Directions for this task
In the material below, find the span from the line with "best Morocco highlights" to the line with "Mutant Bakteriler Hastalığınıza" and transcribe only those lines, exactly, ends included, without the pictures.

Data under study
┄┄┄┄┄┄
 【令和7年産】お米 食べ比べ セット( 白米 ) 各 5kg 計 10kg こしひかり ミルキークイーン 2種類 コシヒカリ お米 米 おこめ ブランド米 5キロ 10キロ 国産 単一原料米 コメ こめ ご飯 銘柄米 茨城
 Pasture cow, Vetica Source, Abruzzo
┄┄┄┄┄┄
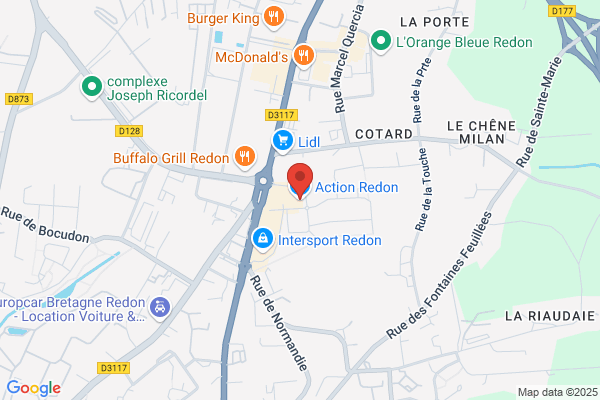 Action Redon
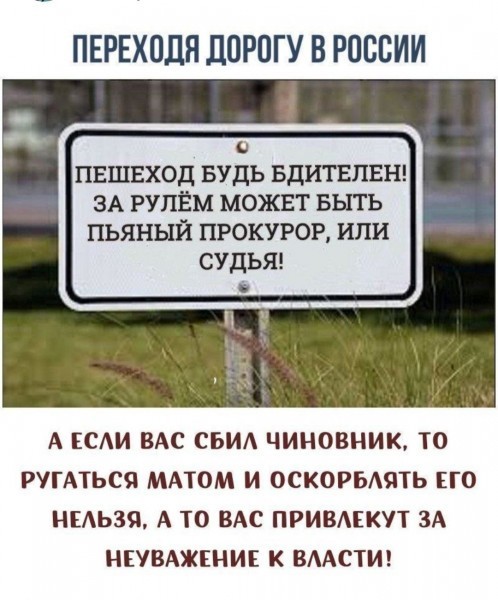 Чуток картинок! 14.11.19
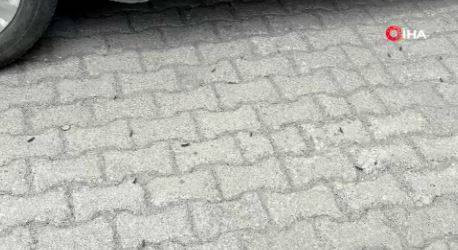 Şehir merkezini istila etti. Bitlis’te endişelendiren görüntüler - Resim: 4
┄┄┄┄┄┄
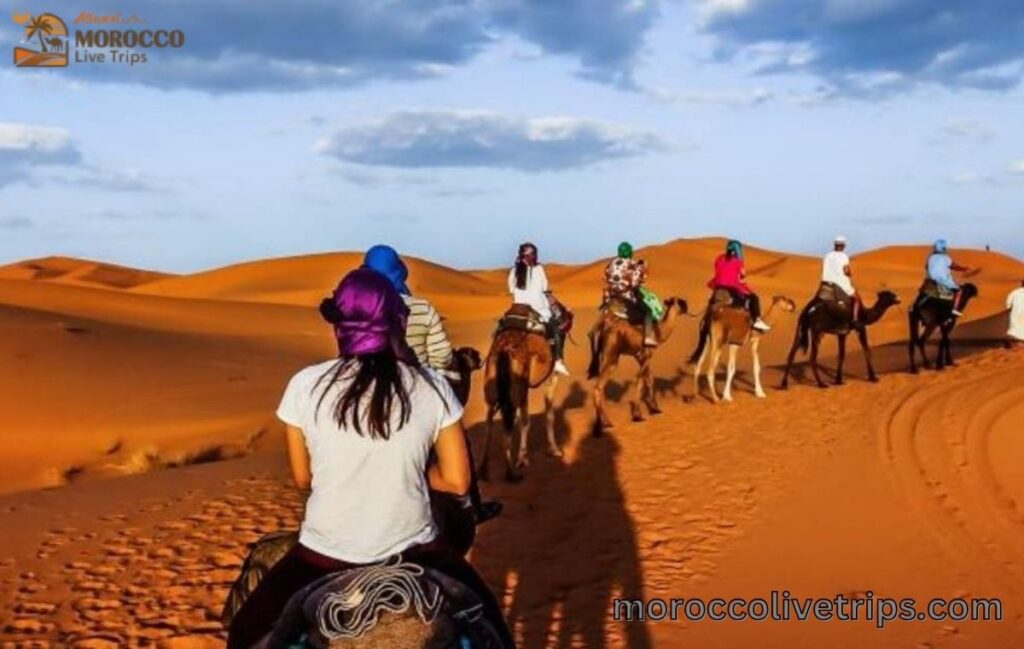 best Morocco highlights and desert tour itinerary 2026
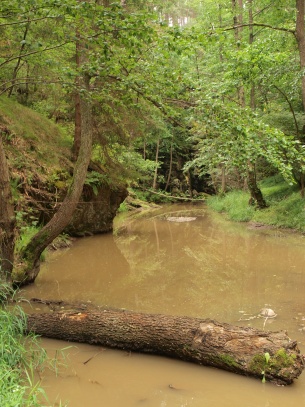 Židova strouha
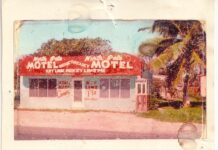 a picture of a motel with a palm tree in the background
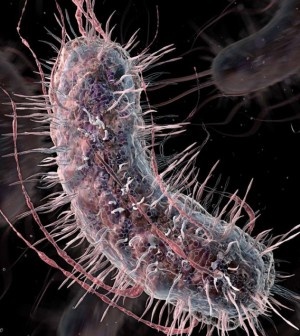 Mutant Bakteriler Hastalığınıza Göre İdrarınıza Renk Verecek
┄┄┄┄┄┄
Response to this task
 best Morocco highlights and desert tour itinerary 2026
 Židova strouha
 a picture of a motel with a palm tree in the background
 Mutant Bakteriler Hastalığınıza Göre İdrarınıza Renk Verecek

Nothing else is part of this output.